#### [INFORMATION PROVIDED]
----------------
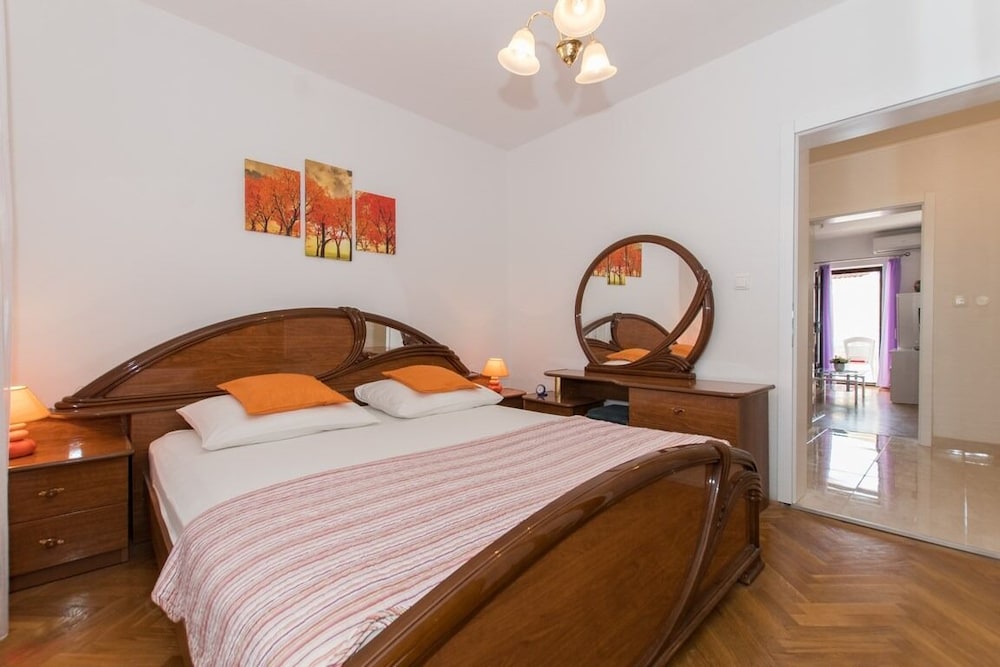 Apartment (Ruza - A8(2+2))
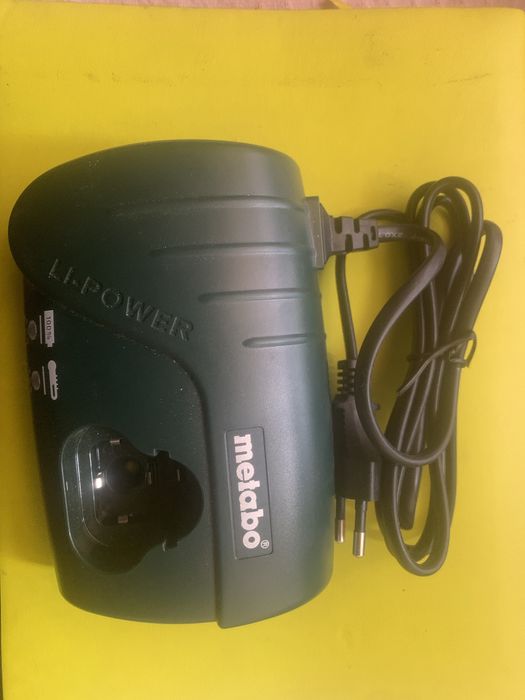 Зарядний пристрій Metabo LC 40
----------------
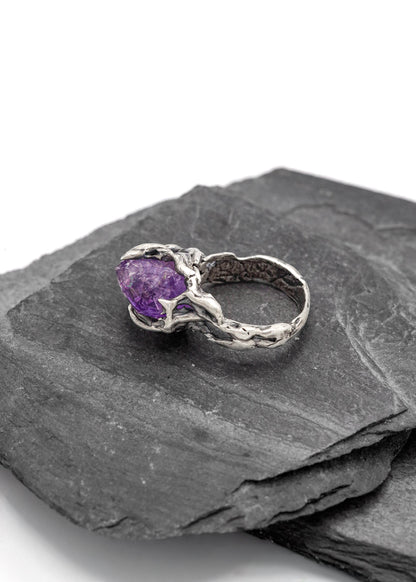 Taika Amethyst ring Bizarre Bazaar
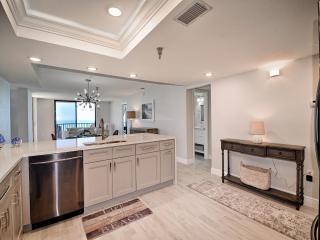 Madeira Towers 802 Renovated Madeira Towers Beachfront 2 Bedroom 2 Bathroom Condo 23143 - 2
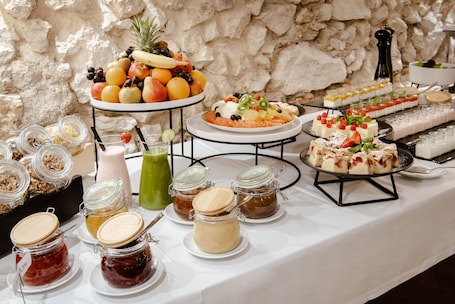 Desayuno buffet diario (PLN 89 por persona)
----------------
#### [WHAT NEEDS TO BE DONE]
Could the stretch from the line with "Taika Amethyst ring Bizarre Bazaar" through the line with "Desayuno buffet diario (PLN 89 por persona)" in the listing above be restated word for word, minus the pictures?

#### [WRITTEN SOLUTION]
 Taika Amethyst ring Bizarre Bazaar
 Madeira Towers 802 Renovated Madeira Towers Beachfront 2 Bedroom 2 Bathroom Condo 23143 - 2
 Desayuno buffet diario (PLN 89 por persona)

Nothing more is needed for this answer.